И на следующее дежурство офицер вновь разрешил ему отправиться в город все с тем же солдатом, твердо наказав вернуться дотемна. Иван торжествовал. Он стал уже присматриваться, бродя по Москве, глухое место, где спрятаться, хотя бы на время от солдата. Таких мест было множество, и его так и подмывало стремглав кинуться через забор или меж торгующих, но всякий раз сдерживал себя, словно кто–то подсказывал ему, что пока рано.
Перед третьим его выходом в город, когда завтра вновь должен был заступить на дежурство столь любезный Вахрушев, в караульню к Ивану снова бочком проковылял горбатый сапожник и, поманив к себе пальцем, прошептал на ухо:
— Завтра, как отпросишься в город, то солдата при тебе не будет…
— А ты откуда знаешь? — не поверил Иван. — Так они меня без охраны и пустят, держи карман шире.
— Помолчи, петух драный! Не твоего ума дело. Слушай меня и не встревай. Как тебя в город отпустят, то сразу не уходи, а поболтайся во дворе, будто дело у тебя какое. Дождешься, когда на работу других арестантов поведут из камер, и поменяешься одеждой с тем, кто к тебе подойдет.

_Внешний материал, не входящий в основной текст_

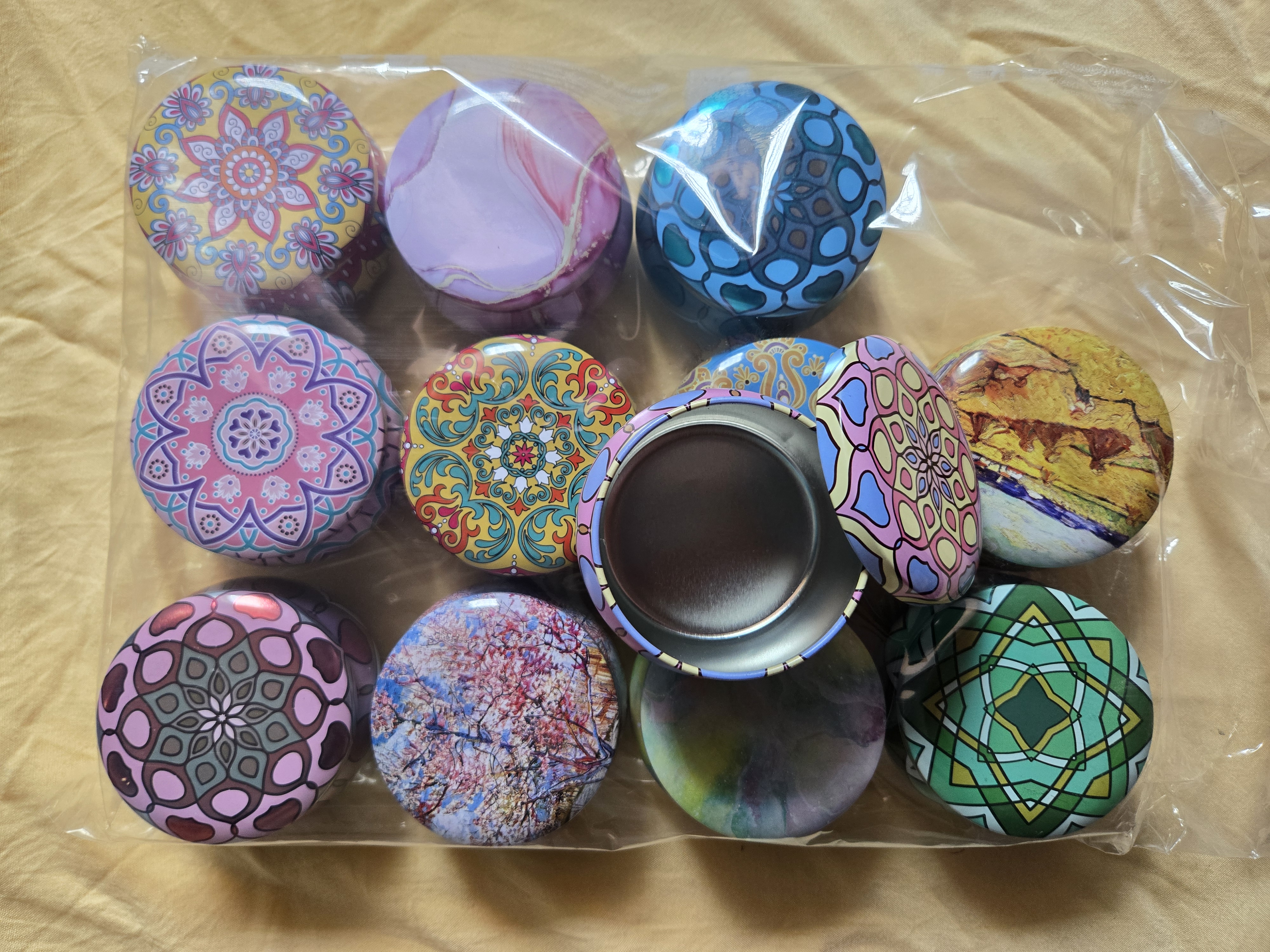 Floral Print Round Metal Tin Box (Pack of 12)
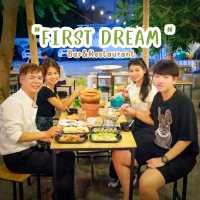 first dream Bar&Restaurant 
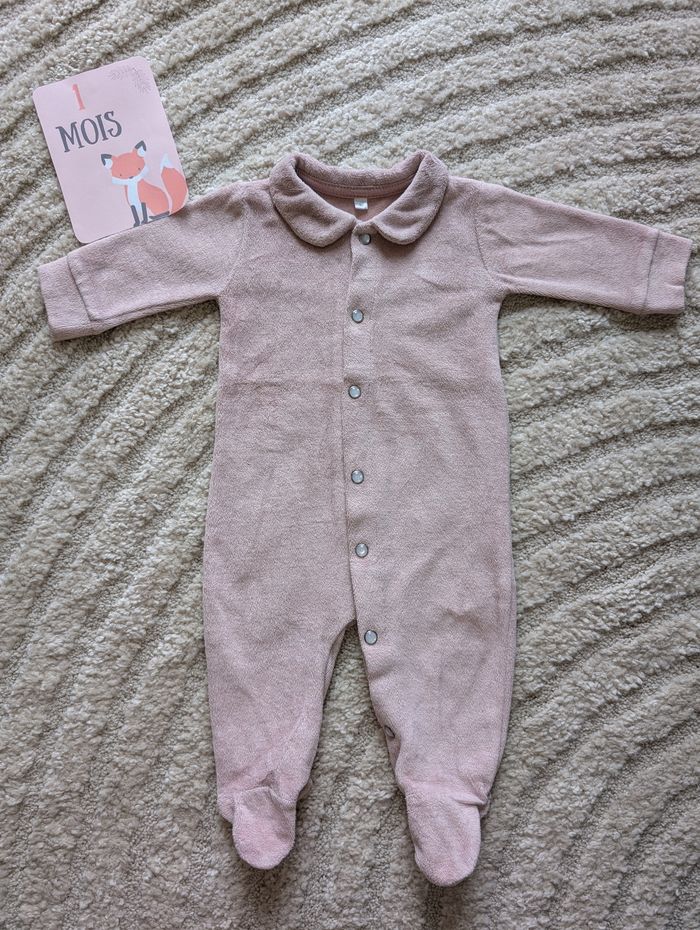 Pyjama rose 1 pièce bébé fille 1 mois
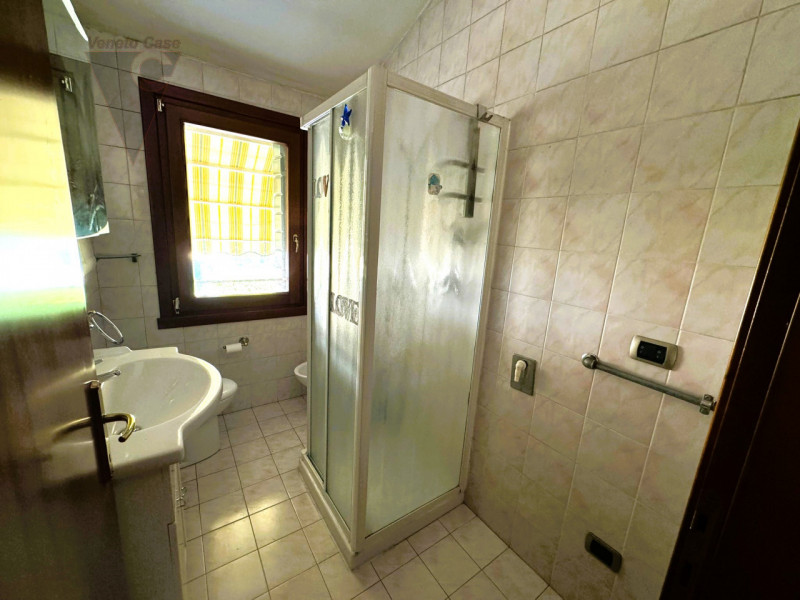 Immagine 12 di Negozio in vendita  in Via dell'artigianato a Padova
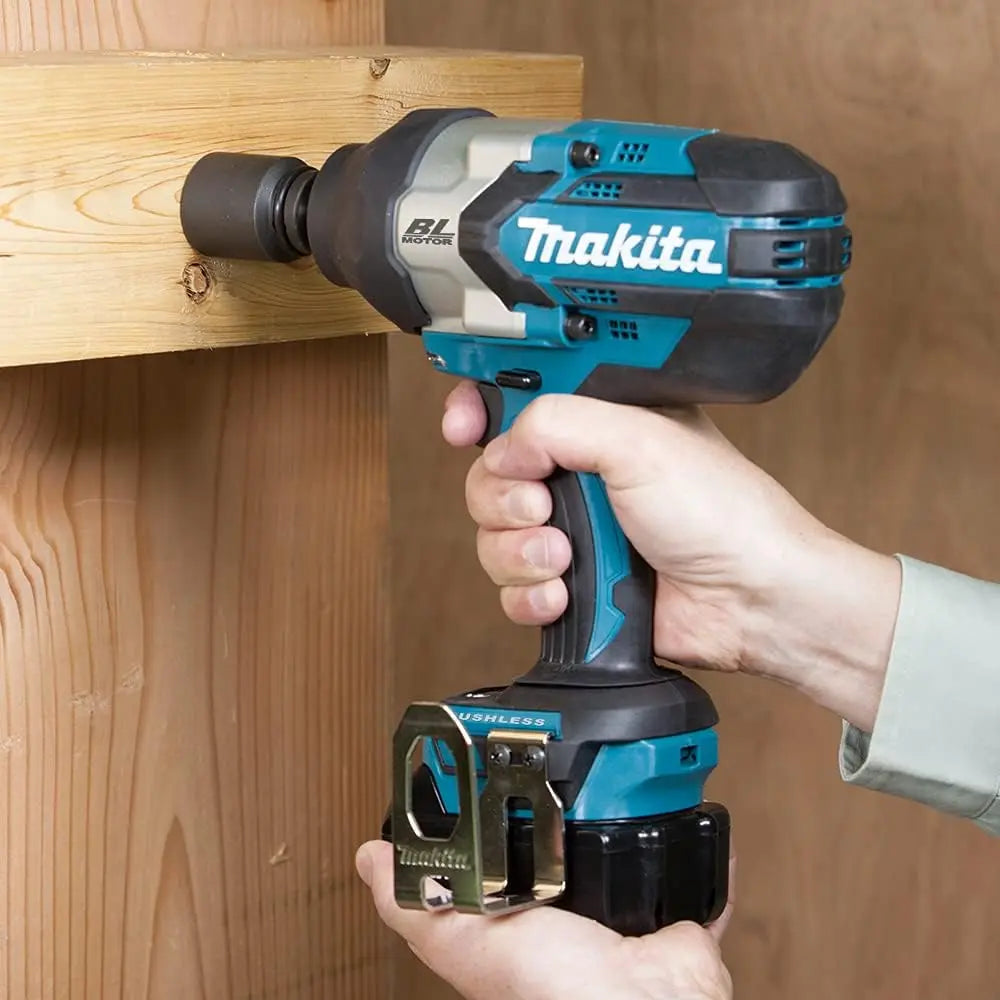 MAKITA DTW1002RTE - 18V 1/2? Brushless High Torque Impact Wrench Kit MAKITA
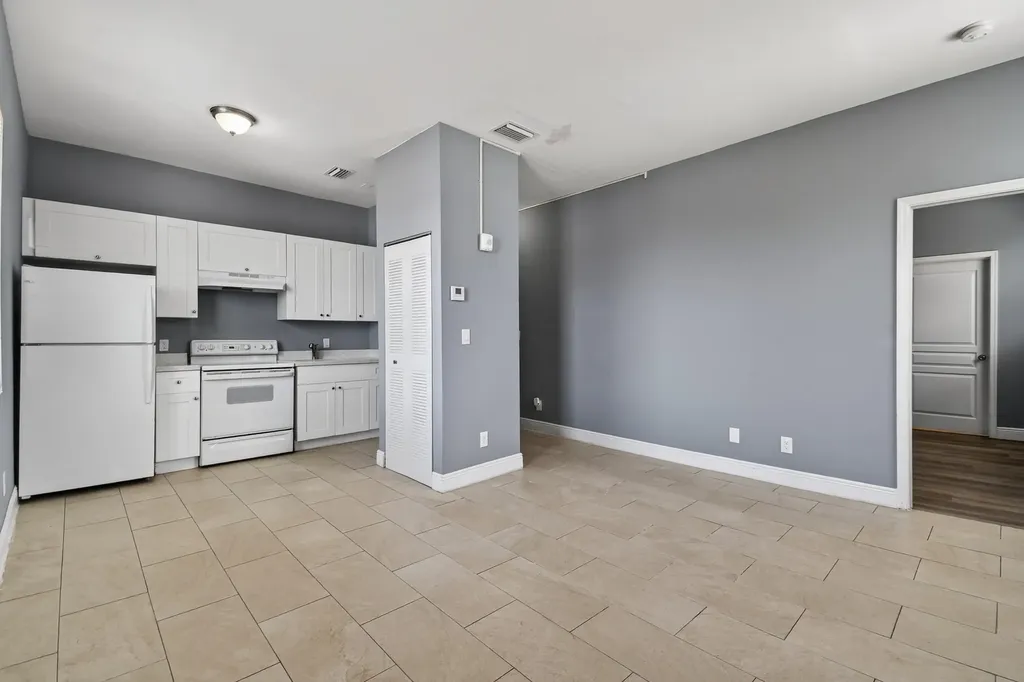 1401 Division Avenue West Palm Beach FL 33401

— А дальше? — голос у Ивана внезапно охрип, и губы пересохли, словно после соленой пищи.
— Дальше он заместо тебя пойдет в город, а ты со всеми на работу. Все понял? А то смотри у меня, — на всякий случай горбун поиграл перед лицом у Ивана ножом и лишь после этого заковылял обратно.
Едва дождавшись утром смены караула, Иван с замиранием сердца постучал в дверь. Вскоре ее открыл Вахрушев, и по напряженности во взгляде Зубарев понял, что тот знает про сговор и, наверняка, сам в нем участвует.